I would like the lines below, from the one with "Max'S Shred System" through the one with "KIMCARE ANTIBACTERIAL FOAM", copied exactly and without any pictures.

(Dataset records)
# # #

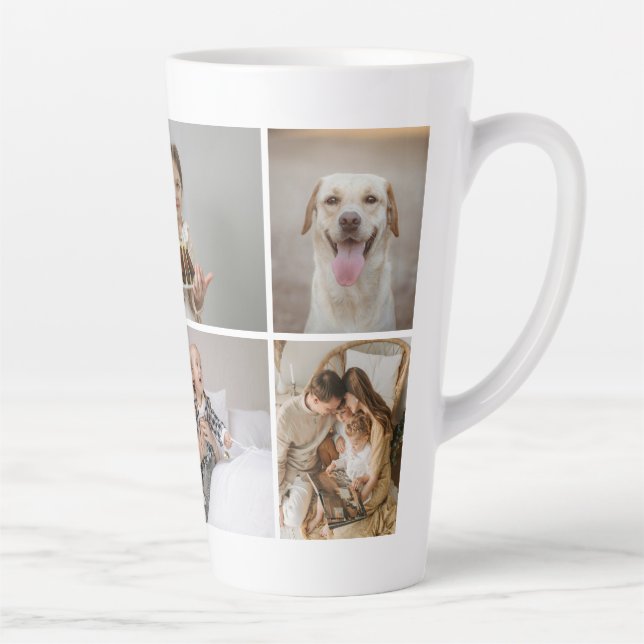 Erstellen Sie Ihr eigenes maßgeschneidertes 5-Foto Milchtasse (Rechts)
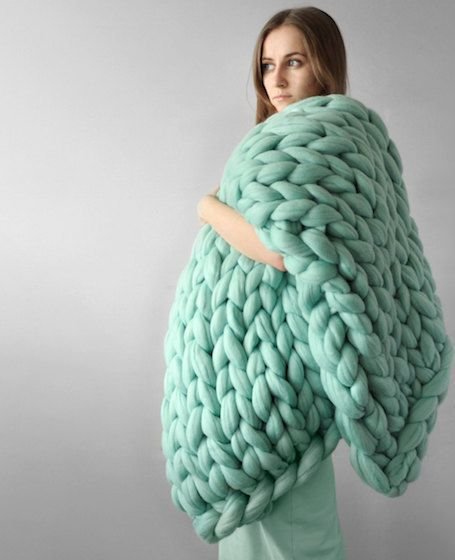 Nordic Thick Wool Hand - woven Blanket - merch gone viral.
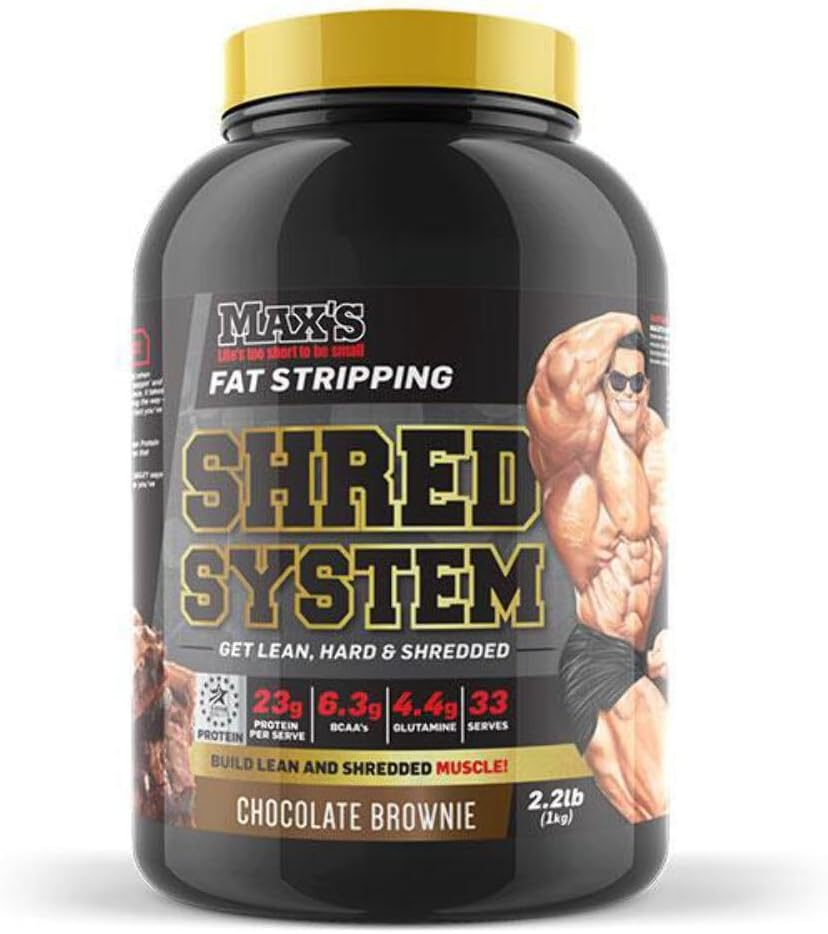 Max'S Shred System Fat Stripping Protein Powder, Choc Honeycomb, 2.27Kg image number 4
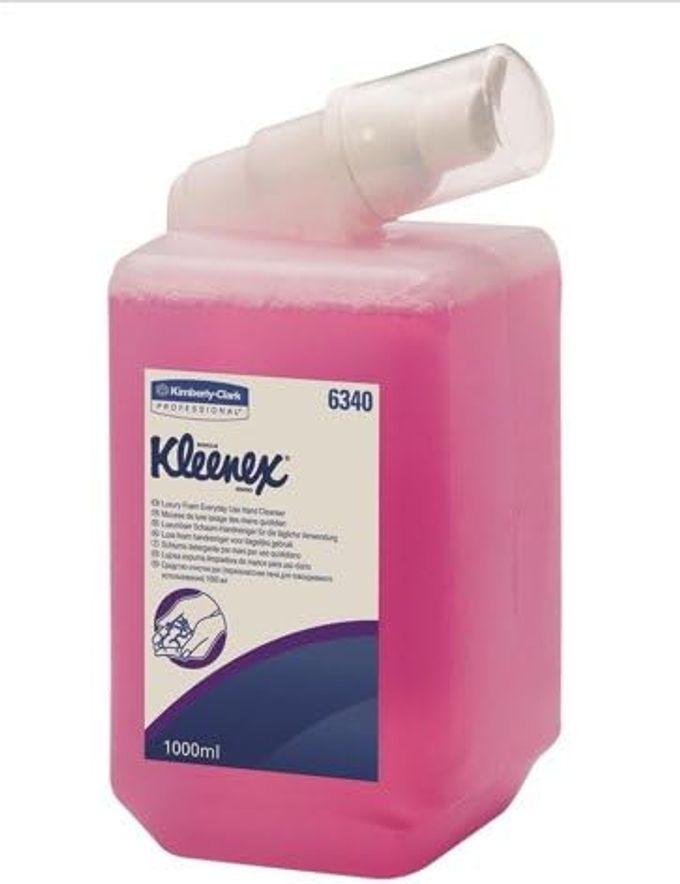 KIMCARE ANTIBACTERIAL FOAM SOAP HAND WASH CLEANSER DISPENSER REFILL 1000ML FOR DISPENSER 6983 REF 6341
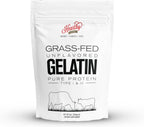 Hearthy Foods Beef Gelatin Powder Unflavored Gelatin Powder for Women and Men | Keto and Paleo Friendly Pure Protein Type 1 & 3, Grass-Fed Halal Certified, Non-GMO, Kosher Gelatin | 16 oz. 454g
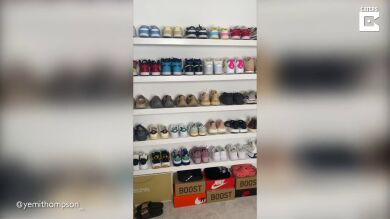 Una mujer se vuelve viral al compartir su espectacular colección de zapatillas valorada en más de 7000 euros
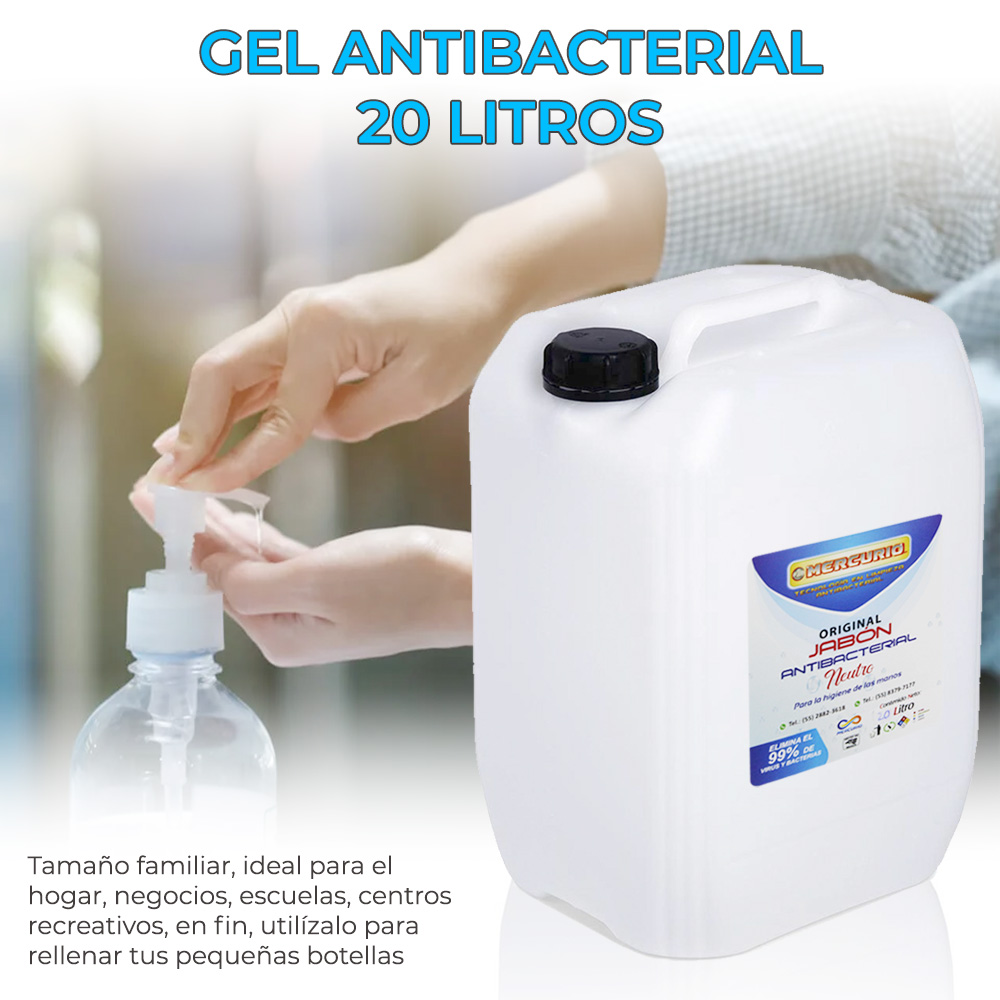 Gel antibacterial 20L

# # #

● **Answer box**
 Max'S Shred System Fat Stripping Protein Powder, Choc Honeycomb, 2.27Kg image number 4
 KIMCARE ANTIBACTERIAL FOAM SOAP HAND WASH CLEANSER DISPENSER REFILL 1000ML FOR DISPENSER 6983 REF 6341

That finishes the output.